▶ Work order: With both ends included, transcribe exactly the records below from their first line to the line that contains "5pcs Mini Makeup".

(Records drawn from a dataset)
--------
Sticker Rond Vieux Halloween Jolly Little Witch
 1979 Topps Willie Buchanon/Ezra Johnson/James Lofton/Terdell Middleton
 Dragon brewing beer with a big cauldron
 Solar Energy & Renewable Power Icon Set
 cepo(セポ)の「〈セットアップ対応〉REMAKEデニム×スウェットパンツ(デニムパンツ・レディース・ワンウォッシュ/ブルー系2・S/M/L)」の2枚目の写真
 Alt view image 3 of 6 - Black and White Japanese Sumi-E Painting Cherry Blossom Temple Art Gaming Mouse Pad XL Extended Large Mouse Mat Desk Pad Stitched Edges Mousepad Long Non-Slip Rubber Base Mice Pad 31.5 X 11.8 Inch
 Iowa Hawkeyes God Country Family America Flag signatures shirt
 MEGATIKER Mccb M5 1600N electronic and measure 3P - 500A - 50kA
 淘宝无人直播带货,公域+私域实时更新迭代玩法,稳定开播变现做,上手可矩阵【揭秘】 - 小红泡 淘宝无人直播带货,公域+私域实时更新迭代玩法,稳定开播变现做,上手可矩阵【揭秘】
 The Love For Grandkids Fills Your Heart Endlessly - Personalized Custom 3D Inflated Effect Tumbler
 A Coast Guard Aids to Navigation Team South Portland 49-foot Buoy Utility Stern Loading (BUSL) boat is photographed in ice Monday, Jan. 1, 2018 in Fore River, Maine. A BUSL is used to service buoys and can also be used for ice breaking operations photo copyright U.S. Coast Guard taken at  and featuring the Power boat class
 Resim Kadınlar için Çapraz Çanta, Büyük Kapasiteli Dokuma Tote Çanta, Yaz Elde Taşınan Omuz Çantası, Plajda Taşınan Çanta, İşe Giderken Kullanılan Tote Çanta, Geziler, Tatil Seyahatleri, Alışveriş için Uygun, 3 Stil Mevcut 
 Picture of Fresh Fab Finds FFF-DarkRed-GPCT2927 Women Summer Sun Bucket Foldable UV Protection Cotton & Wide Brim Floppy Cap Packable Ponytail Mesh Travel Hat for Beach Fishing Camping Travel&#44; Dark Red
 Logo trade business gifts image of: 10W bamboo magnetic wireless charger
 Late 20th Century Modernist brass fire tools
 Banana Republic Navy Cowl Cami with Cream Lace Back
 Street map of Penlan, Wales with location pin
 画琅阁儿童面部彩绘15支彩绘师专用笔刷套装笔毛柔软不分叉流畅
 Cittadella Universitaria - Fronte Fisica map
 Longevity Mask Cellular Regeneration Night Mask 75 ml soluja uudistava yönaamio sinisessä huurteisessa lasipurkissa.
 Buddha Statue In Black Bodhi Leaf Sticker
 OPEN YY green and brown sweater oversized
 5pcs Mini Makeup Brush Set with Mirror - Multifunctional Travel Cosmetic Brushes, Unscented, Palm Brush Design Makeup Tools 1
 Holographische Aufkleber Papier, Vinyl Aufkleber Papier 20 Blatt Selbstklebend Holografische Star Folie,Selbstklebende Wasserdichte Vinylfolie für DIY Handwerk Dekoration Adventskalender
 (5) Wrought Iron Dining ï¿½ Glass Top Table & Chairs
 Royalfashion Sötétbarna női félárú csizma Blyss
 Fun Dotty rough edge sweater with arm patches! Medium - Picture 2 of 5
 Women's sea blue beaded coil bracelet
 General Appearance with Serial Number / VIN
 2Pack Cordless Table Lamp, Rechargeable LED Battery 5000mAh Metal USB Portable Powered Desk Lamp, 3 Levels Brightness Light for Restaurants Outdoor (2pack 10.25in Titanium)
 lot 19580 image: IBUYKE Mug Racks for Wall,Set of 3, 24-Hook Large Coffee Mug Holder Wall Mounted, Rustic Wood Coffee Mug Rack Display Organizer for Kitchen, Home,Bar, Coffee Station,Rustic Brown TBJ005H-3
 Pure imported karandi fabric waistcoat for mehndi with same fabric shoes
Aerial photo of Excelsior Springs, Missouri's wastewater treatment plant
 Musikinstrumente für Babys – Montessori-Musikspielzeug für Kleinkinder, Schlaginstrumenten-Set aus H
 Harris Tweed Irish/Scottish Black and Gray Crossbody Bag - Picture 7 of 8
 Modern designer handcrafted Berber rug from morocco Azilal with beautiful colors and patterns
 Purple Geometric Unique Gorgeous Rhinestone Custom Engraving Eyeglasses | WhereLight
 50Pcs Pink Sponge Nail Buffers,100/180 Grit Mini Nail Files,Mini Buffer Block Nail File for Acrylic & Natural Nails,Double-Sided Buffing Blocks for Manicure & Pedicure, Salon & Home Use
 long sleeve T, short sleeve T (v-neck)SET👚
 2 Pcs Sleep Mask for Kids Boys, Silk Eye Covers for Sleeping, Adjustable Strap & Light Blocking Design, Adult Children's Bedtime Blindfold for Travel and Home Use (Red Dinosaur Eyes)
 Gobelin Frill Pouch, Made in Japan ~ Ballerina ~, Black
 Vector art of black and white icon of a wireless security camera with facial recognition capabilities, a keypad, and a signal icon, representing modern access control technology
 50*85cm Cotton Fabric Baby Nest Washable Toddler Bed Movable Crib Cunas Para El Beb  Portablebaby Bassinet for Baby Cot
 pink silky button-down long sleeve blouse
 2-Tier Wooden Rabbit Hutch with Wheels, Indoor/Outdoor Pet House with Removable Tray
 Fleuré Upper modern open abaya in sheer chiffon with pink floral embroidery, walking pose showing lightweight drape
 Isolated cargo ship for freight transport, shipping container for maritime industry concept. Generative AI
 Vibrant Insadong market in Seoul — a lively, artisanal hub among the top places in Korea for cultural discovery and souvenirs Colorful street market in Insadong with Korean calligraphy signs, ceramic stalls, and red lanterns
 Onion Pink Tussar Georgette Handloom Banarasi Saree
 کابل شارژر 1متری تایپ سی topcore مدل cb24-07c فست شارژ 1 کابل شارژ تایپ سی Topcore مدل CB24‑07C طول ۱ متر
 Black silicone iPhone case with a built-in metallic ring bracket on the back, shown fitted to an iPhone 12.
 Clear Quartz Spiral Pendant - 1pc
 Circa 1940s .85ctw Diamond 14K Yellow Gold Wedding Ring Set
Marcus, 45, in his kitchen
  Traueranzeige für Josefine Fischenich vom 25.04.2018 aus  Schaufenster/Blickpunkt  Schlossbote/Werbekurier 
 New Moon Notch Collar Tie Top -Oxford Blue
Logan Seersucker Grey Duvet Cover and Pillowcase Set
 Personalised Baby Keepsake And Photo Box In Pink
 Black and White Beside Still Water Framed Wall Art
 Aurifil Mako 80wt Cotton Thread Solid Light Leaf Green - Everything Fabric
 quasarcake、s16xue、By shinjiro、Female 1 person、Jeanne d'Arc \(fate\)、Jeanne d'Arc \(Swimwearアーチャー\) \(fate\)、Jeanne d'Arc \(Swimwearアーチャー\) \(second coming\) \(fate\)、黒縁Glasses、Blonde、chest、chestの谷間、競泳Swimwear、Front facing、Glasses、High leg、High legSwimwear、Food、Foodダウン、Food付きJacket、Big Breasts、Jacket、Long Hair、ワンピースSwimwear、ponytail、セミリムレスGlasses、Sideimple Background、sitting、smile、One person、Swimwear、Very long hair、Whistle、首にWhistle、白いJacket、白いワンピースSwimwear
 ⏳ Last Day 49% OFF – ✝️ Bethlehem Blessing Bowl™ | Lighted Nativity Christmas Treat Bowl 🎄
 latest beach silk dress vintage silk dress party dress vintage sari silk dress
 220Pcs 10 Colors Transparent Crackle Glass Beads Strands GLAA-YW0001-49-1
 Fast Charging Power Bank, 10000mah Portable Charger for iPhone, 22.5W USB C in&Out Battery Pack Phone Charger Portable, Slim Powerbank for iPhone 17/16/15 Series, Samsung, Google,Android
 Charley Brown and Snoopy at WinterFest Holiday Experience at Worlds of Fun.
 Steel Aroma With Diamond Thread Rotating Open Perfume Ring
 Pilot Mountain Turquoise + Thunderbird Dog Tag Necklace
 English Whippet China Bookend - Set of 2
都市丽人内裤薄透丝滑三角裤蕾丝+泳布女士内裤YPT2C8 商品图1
--------
▶ Exercise result:
Sticker Rond Vieux Halloween Jolly Little Witch
 1979 Topps Willie Buchanon/Ezra Johnson/James Lofton/Terdell Middleton
 Dragon brewing beer with a big cauldron
 Solar Energy & Renewable Power Icon Set
 cepo(セポ)の「〈セットアップ対応〉REMAKEデニム×スウェットパンツ(デニムパンツ・レディース・ワンウォッシュ/ブルー系2・S/M/L)」の2枚目の写真
 Alt view image 3 of 6 - Black and White Japanese Sumi-E Painting Cherry Blossom Temple Art Gaming Mouse Pad XL Extended Large Mouse Mat Desk Pad Stitched Edges Mousepad Long Non-Slip Rubber Base Mice Pad 31.5 X 11.8 Inch
 Iowa Hawkeyes God Country Family America Flag signatures shirt
 MEGATIKER Mccb M5 1600N electronic and measure 3P - 500A - 50kA
 淘宝无人直播带货,公域+私域实时更新迭代玩法,稳定开播变现做,上手可矩阵【揭秘】 - 小红泡 淘宝无人直播带货,公域+私域实时更新迭代玩法,稳定开播变现做,上手可矩阵【揭秘】
 The Love For Grandkids Fills Your Heart Endlessly - Personalized Custom 3D Inflated Effect Tumbler
 A Coast Guard Aids to Navigation Team South Portland 49-foot Buoy Utility Stern Loading (BUSL) boat is photographed in ice Monday, Jan. 1, 2018 in Fore River, Maine. A BUSL is used to service buoys and can also be used for ice breaking operations photo copyright U.S. Coast Guard taken at  and featuring the Power boat class
 Resim Kadınlar için Çapraz Çanta, Büyük Kapasiteli Dokuma Tote Çanta, Yaz Elde Taşınan Omuz Çantası, Plajda Taşınan Çanta, İşe Giderken Kullanılan Tote Çanta, Geziler, Tatil Seyahatleri, Alışveriş için Uygun, 3 Stil Mevcut 
 Picture of Fresh Fab Finds FFF-DarkRed-GPCT2927 Women Summer Sun Bucket Foldable UV Protection Cotton & Wide Brim Floppy Cap Packable Ponytail Mesh Travel Hat for Beach Fishing Camping Travel&#44; Dark Red
 Logo trade business gifts image of: 10W bamboo magnetic wireless charger
 Late 20th Century Modernist brass fire tools
 Banana Republic Navy Cowl Cami with Cream Lace Back
 Street map of Penlan, Wales with location pin
 画琅阁儿童面部彩绘15支彩绘师专用笔刷套装笔毛柔软不分叉流畅
 Cittadella Universitaria - Fronte Fisica map
 Longevity Mask Cellular Regeneration Night Mask 75 ml soluja uudistava yönaamio sinisessä huurteisessa lasipurkissa.
 Buddha Statue In Black Bodhi Leaf Sticker
 OPEN YY green and brown sweater oversized
 5pcs Mini Makeup Brush Set with Mirror - Multifunctional Travel Cosmetic Brushes, Unscented, Palm Brush Design Makeup Tools 1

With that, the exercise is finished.